We’re all in love in with hydrogen-powered cars and trucks. They’re good for the environment (emitting only water vapor), quiet and appealing to a broad segment of the population.
Both Toyota and Hyundai are reported to be investing millions of dollars in the development of hydrogen-powered cars. The main advantage of hydrogen over electric cars is that they can be filled up in roughly three minutes, like a regular car, and have a range of up to 500 miles.
But there is one hurdle. Where do you find a refuelling station, and how do you get the hydrogen there?
There are two parts to solving the refuelling problem. The first is funding for the infrastructure so that drivers have refuelling stations every couple of hundred miles.
The second is supplying the hydrogen, which is notoriously difficult to transport because of its low density. But hydrogen can be injected into a ‘carrier fuel’, like ammonia, for more straightforward transport and storage. The benefit of this is that ammonia is already in high use around the world and much of the infrastructure is in place.
The Commonwealth Scientific and Industrial Research Organization (CSIRO) researchers have found a way to extract hydrogen from ammonia, meaning it could be shipped safely to mass markets around the world. First announced this past August, scientists at CSIRO, Australia’s pre-eminent national science organization, have created a metal membrane that filters out pure hydrogen gas from ammonia. This enables the hydrogen to be easily dispensed into fuel cell cars, buses and even trucks. This could drive, no pun intended, a new industry to rival the success of the liquefied natural gas (LNG) market.
While the majority of hydrogen (and ammonia) is currently made from coal and natural gas, there is a major opportunity for a renewable hydrogen production industry, especially for countries that have vast solar potential like the United States and Australia. This means that renewable energy could be exported in the same manner as fossil fuel resources have been for decades.

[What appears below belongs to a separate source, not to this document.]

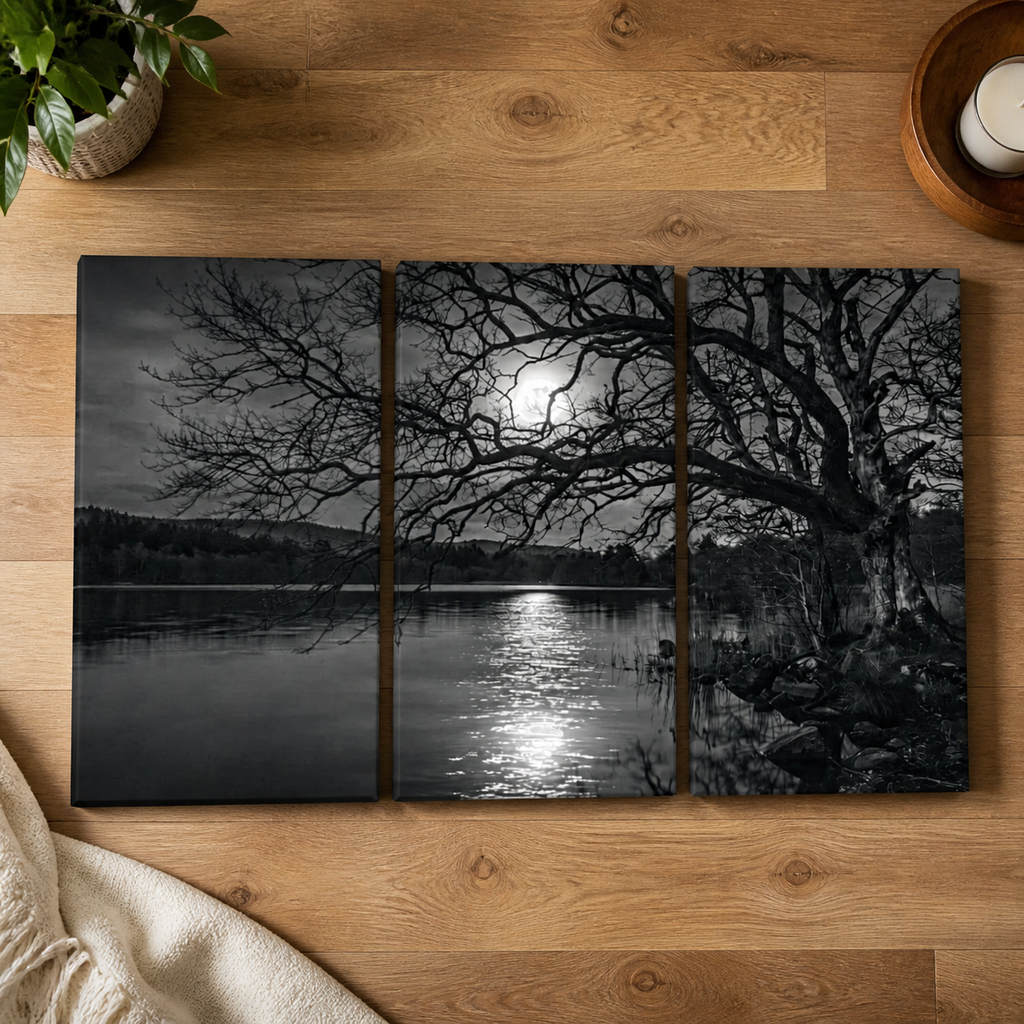 A three-panel black and white wall art print depicting a moonlit lake scene with bare tree branches, displayed on a wooden tabletop with a plant, candle, and blanket partially visible around it.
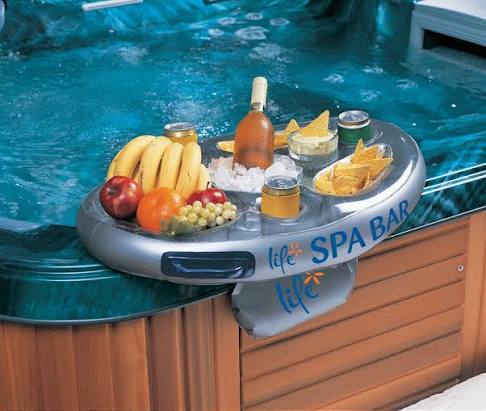Inflatable floating drinks caddy for swimming pools and hot tubs with built-in cup holders and food compartments.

Australia is stepping up to be one of the first countries to create this industry. Japan, Germany and the United States are not far behind. Japan and Germany have the largest number of hydrogen refuelling stations and California has the largest number of hydrogen-fueled cars on the road. Industry experts estimate there could be one million hydrogen-powered cars operational worldwide by 2025.
This innovative technology was commercialized in partnership with Fortescue Metals Group Ltd, one of the largest, global iron ore producers. The investment in CSIRO's hydrogen membrane technology will help companies and countries to develop a hydrogen industry, with the potential for future global uptake.
CSIRO chief executive Dr. Larry Marshall was excited by the prospect of a growing global market for clean hydrogen, and the potential for a national renewable hydrogen export industry. "This is a watershed moment for energy, and we look forward to applying CSIRO innovation to enable this exciting, renewably sourced fuel and energy storage medium a smoother path to market," Marshall said.